If a couple establishes a revocable living trust in which they both serve as grantors, the trust instrument may provide that the trust will become irrevocable after the death of the first grantor spouse. In general, however, the trust does not become irrevocable until the death of the second grantor spouse. In the scenario above, if the husband dies first, and the wife knew of his wish to reinstate their daughter as a beneficiary (or she wished to do so herself), the wife could add the daughter back into the trust as a beneficiary even after her husband's death.
Revocable trusts provide a way for people making an estate plan to maintain control of their assets during life, avoid probate for those assets upon their death, and maintain a measure of control over those assets after their death. For grantors who are worried, for instance, about what would happen should young adult heirs come into their entire inheritance at once, a trust offers a way to provide for loved ones while controlling how much money they get at one time.

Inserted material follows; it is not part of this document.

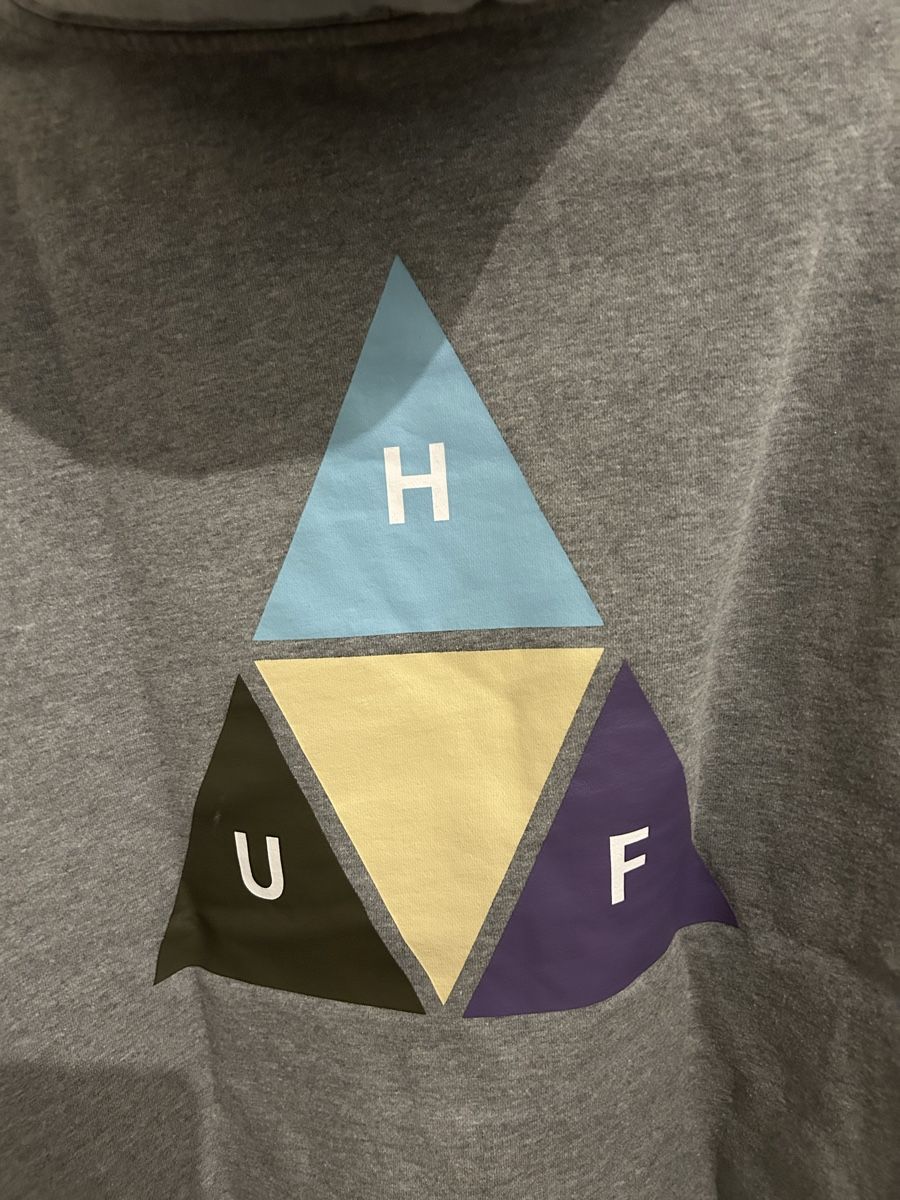 Maglioni & Felpe: Huf Hoodie – Usato da Baar venduto da sirostoecklin 1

A revocable trust also gives a way to incentivize certain behavior on the part of beneficiaries. For instance, if grandma wants her grandchildren to pursue higher education, she might arrange her trust to make a distribution to them for each semester they make Dean's List or when they graduate.
The ability to exercise some measure of control over how beneficiaries receive trust assets is one of the main advantages of a trust. If beneficiaries were able to circumvent that and make changes to the trust after the grantor's death, trusts would not be such an attractive option for many people.
Under the Ohio Trust Code, an Ohio court may modify the administrative terms or dispositive terms of a trust, or even terminate the trust under very limited circumstances. If there were circumstances the settlor did not or could not anticipate, and changing the terms of the trust would actually further the trust's purposes, the court may modify. As far as practicable, a court modifying the trust would do so consistent with what the settlor probably intended.
Also, if continuing the trust on its existing terms would not be practical or would impair the administration of the trust, the court may modify the administrative terms of the trust.
It is possible that a court would agree to modify the dispositive terms of a trust (that is, who receives distributions, under what circumstances, and how much) if a petitioner were able to prove undue influence on the part of a beneficiary. However, such contests are uphill battles and are extremely difficult to prove. If you are a would-be beneficiary, or a beneficiary who does not like the terms of a trust, your recourse is likely very limited.
If you are a grantor, you should take steps to review your trust every few years while you are alive and capable to make sure that its terms still reflect your intentions.